Looks weird... The message is a mix of PVST and MST. In MST, there is no PVID check because BPDUs are only sent untagged on the native vlan. Can you tell us a little bit more about the circumstance of the problem? Are you doing some tunneling, some vlan translation, PVST-simulation (interaction between MST and PVST -> a show spanning-tree detail would help there)? Where you changing the configuration? What did you do to "restore connectivity"? Can you recreate, etc...

Thanks and regards,

Francois

Hi Francois,

I am not doing tunneling.

Simply the setup as follows:

We have four 3560-G cisco switches, all Operating purely as layer-2 Vlans. MST is configured cause we are providing customers (ISP's layer-2 connectivity) and layer-3 config usually done between Customer & ISP.

We are configuring Multiple Vlans around 1200 Vlan ID, so we did configure it with MST protocol.

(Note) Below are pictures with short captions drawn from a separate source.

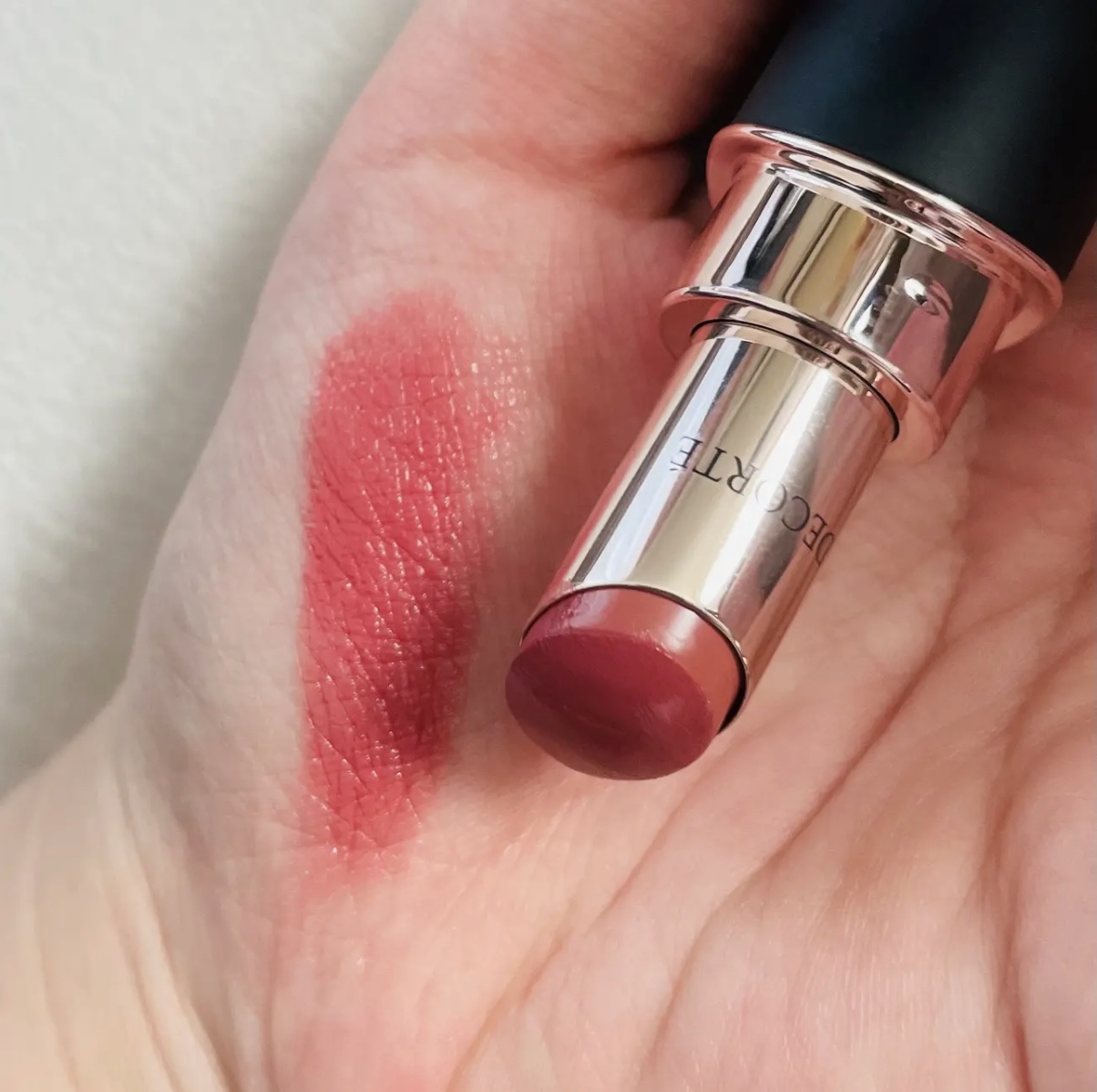 コスメデコルテ ルージュデコルテ クリームグロウ 02G blissful moment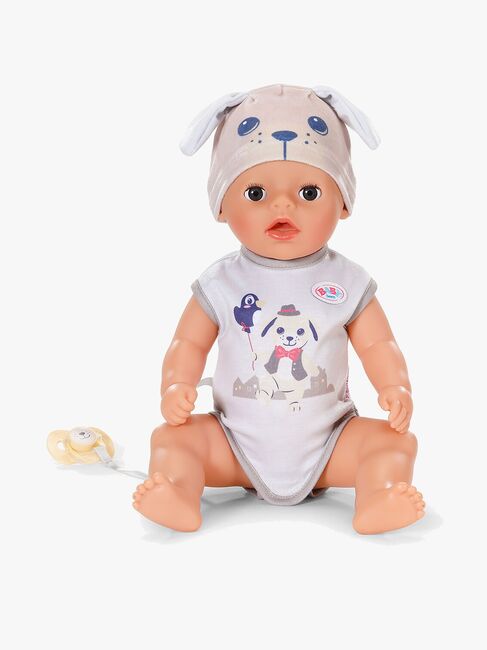 BABY born Docka Lukas 36 cm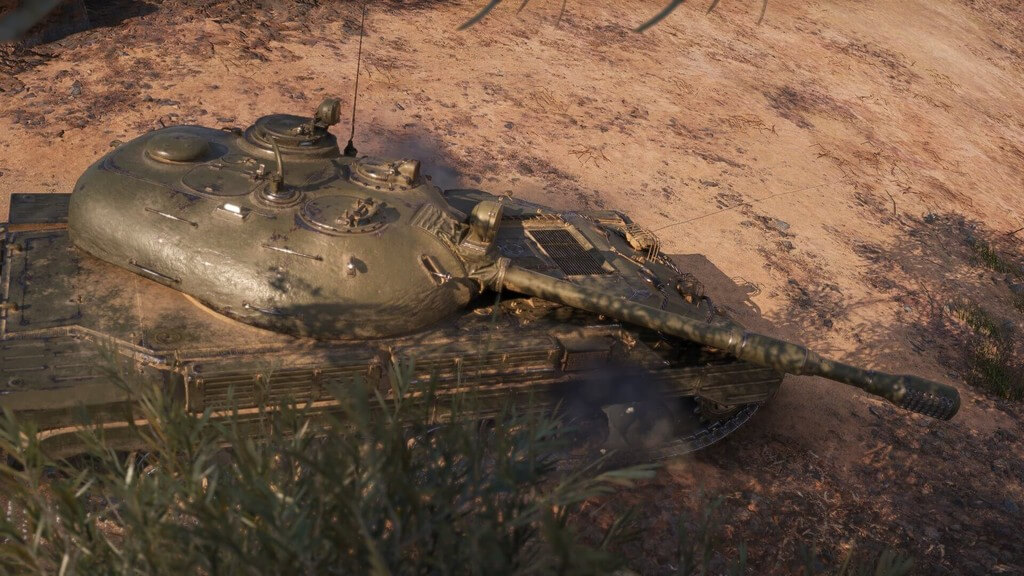 新たなバトルパス・トークン車輌《ERAC 105 Proto》と《Object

The Four Switches have identical MST regions and instances (Configuration). The problem occured suddenly and switch restored automatically. By the way this is not the first time, we noticed this issue on different intervals specifically this port on the switch from the VLan ID: 62. Could be from the customer side?

Awaiting feedback,

Hi Sobier,

MST only sends a single BPDU per port, untagged. This BPDU is an IEEE standard and does not include any vlan information. The problem you are getting can only occur by receiving a Cisco proprietary PVST BPDU that includes the ID of the instance that originated it (and if there is a mismatch between the vlan ID of origin and the vlan ID of reception, as some other already said, this PVID inconsistency error is generated).

A Cisco MST switch can send PVST BPDUs when doing what we call "PVST simulation". This mode is only entered when you are first receiving a PVST BPDU. So basically, I have the feeling that your problem comes down to some PVST BPDUs being injected somewhere in your network.

If this is a customer port, then the customer must address this, or you must avoid running STP with them (by configuring BPDU filter on the port -> of course, that requires that this customer is not redundantly connected, or you may need to tunnel their BPDUs throughout your core).

If the port is internal to your network and only connected with a point-to-point link to an MST port, then, considering that there is no tunneling configuration issue that could magically introduce a PVST BPDU in there, I would rather tend to think this is a bug. That would sound like a big one, and I've never heard of this problem before.